As a Lyons Township High School student, Jennie Bosas displayed art work every year in Elmhurst College’s annual High School Art Exhibition. The more time she spent on campus, learning about the art program and the College, the more she loved it. She became convinced that Elmhurst was the college for her, and that art held the key to her future.
As a senior, Bosas applied only to Elmhurst, even as she worried about whether she could really afford to go to college at all.
Then she found out about Elmhurst College’s American Dream Fellowship Competition, a scholarship contest that celebrates first-generation college students like her, and she knew she had to apply.
To enter, students were asked to submit a video on the topic: “As a first-generation student, what would graduating from college mean to you and your family?”

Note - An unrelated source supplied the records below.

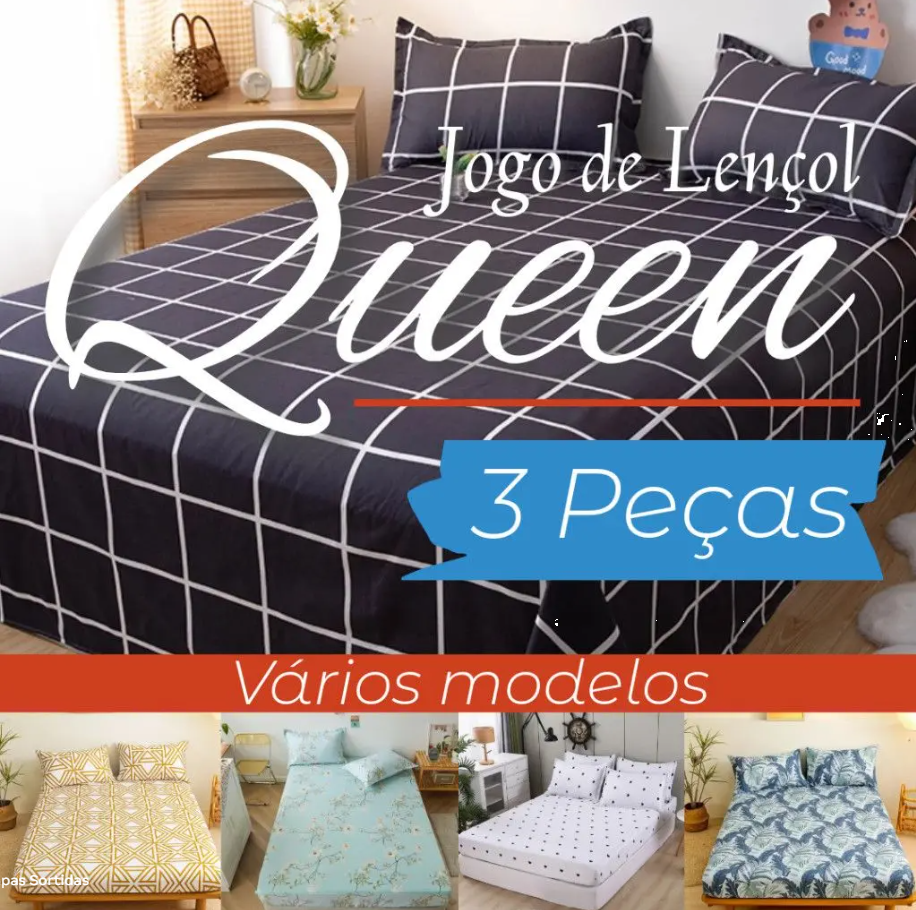 Jogo de Lençol Casal Queen Antialérgico 3 Peças Estampado - Estampas Sortidas - Bordados Sampaio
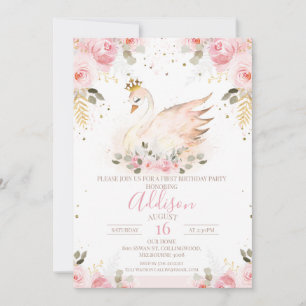 Rose rose Floral Princess Swan Invitation Annivers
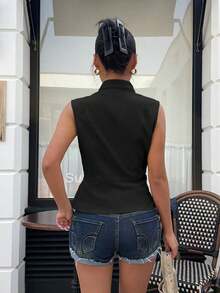 Women's Fitted Vest With Front Zip In Light Khaki - Black - View 1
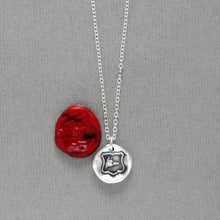 Load image into Gallery viewer, Fox Wax Seal Necklace - Clever Quick Witted Wise Tiny Fox Silver Wax Seal Jewelry
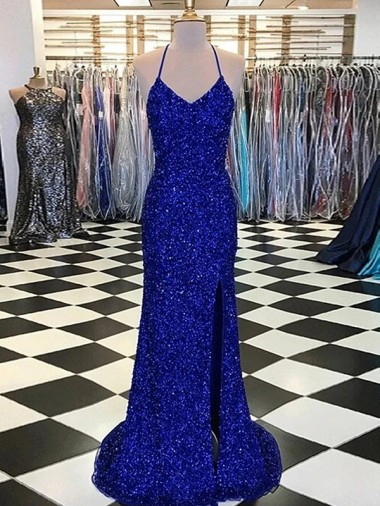 Wholesale Velvet Sequin V-Neck Sheath Royal Blue Long Evening Dresses UK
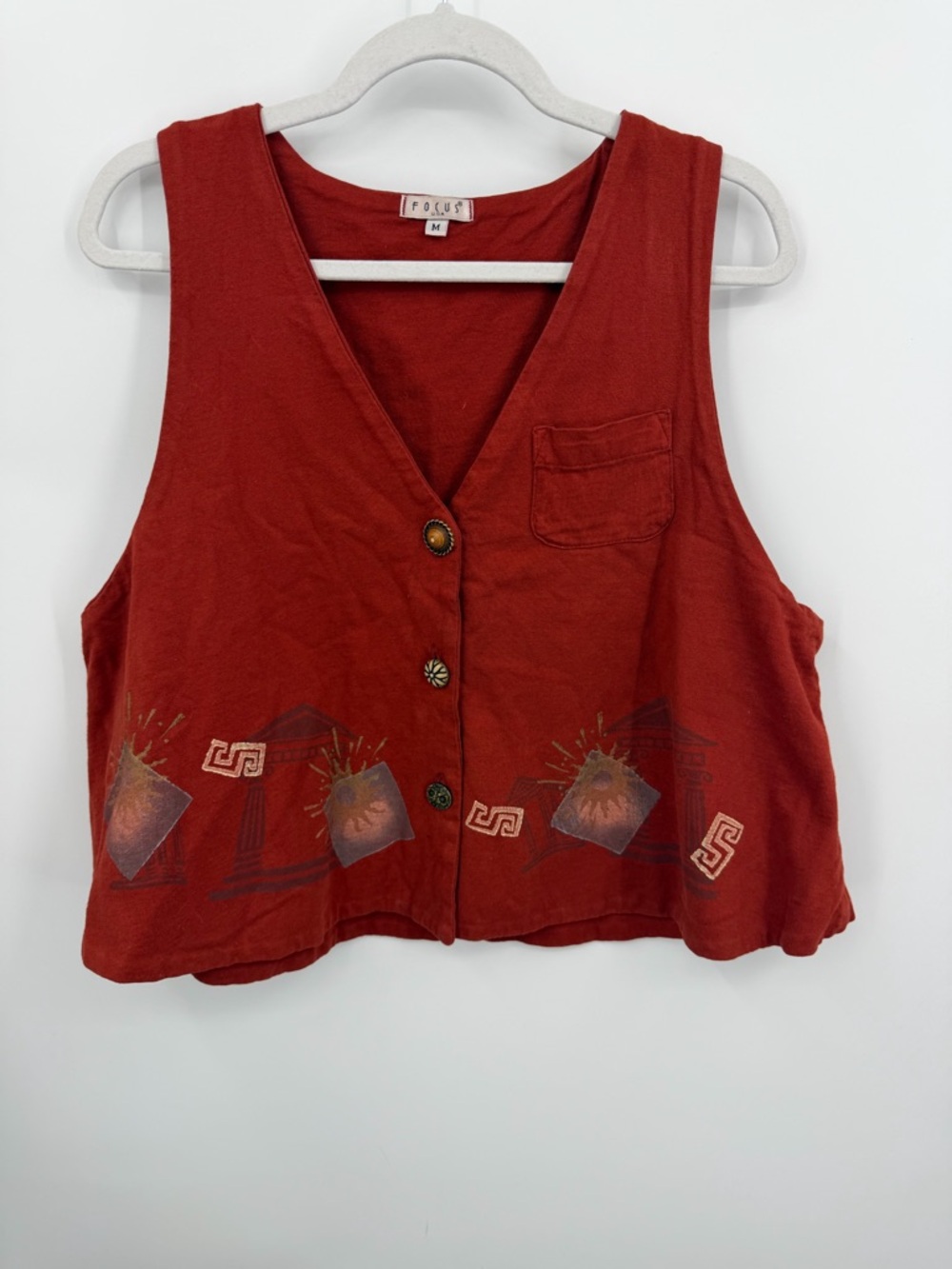 Vintage 90s Focus USA Made red orange Cotton Painted Button Front Vest Size M
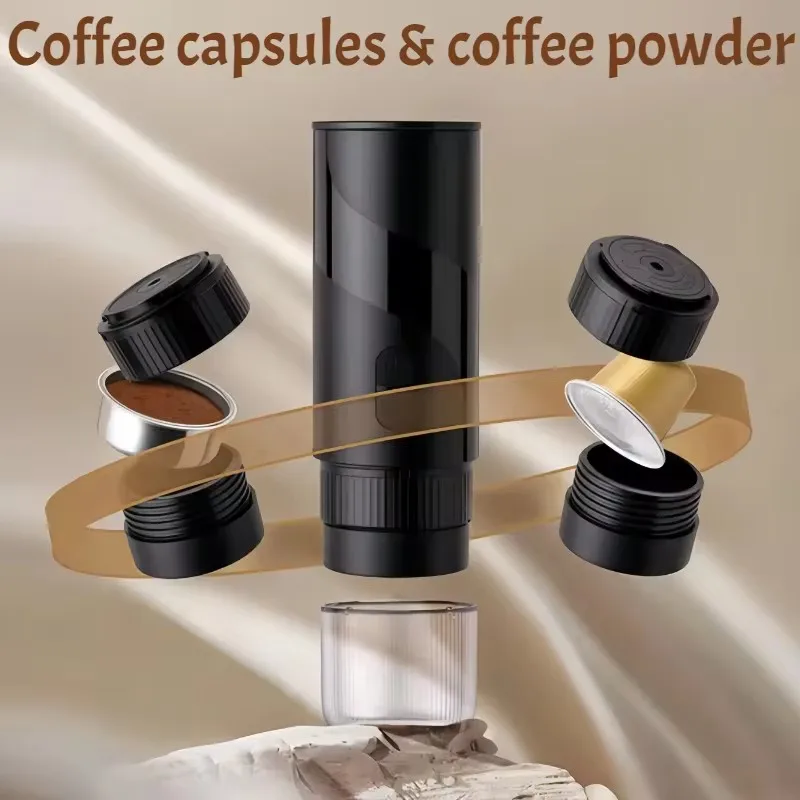 New Portable capsule coffee machine, 2 in 1, mini portable design, easy to carry around, long-lasting battery life can extrac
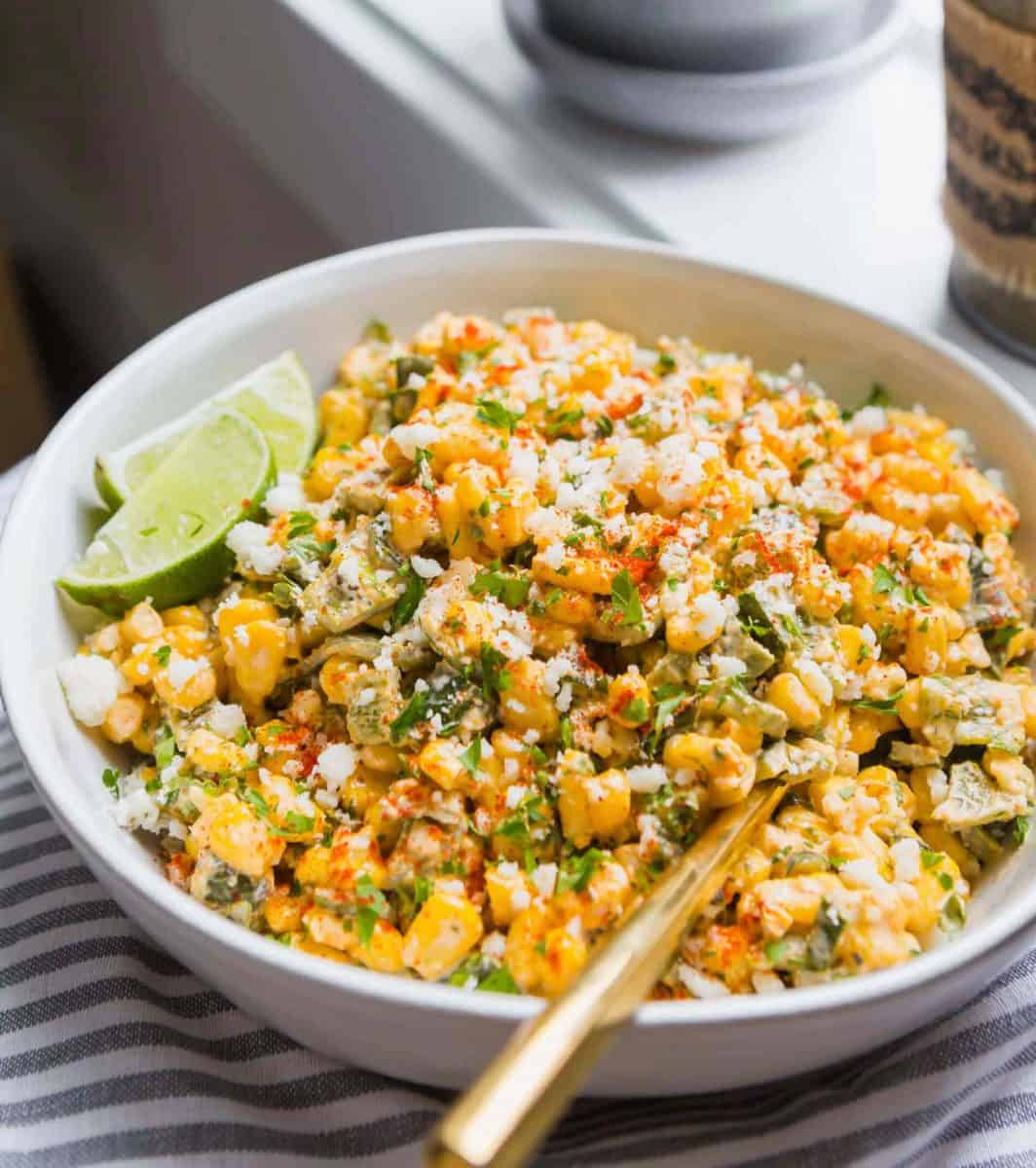 A different take on the original Mexican street corn off the cob. This poblano Mexican street corn off the cob is extra creamy, smoky, and flavorful! #mexicancorn #corn #cornrecipes #offthecob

Bosas’ video highlighted her hard-working parents, and how despite their struggles they tried to support her passion for art and to give her and her siblings a happy life. She paid special tribute to her grandfather, who was only 5 when he and his family were forced to flee their native Lithuania and start a new life in the U.S.
“Through everything, my family persevered, which is why I persevere, and why Elmhurst College means so much to me,” she said. “I want to show my parents, my teachers, my family, that all the challenges they overcame made a difference.
“Nothing would mean more to me than to see my grandfather’s face on Graduation Day, and to make him and all my family proud of the work they’ve done to get me to where I am today.”
On Monday, Feb. 17, Bosas was named the first-place winner of the third annual American Dream competition. She will receive a four-year, full-tuition grant to attend Elmhurst College.
Brianna Migaczewski, a Maine West High School student from Des Plaines, received the second-place award—four years’ room and board at Elmhurst.
The winners were announced on Monday, Feb. 17, during an awards ceremony in Hammerschmidt Memorial Chapel that was attended by many of the 140 students who entered the contest, along with several hundred parents, family and friends.
Earlier that afternoon, the contestants took part in group projects and attended panel discussions offering resources and information for first-generation college students and their parents. Each contestant received a $1,000 scholarship to attend Elmhurst, and each member of the winning group project was awarded an additional scholarship of $1,500.
At the awards ceremony, Elmhurst College President Troy D. VanAken congratulated all of the contestants and urged them to go to college, whether at Elmhurst or wherever the fit was best. “Take pride in the fact that your experience will transform not only your life but the lives of everyone around you,” he told them. “Your experience will be their experience as well.”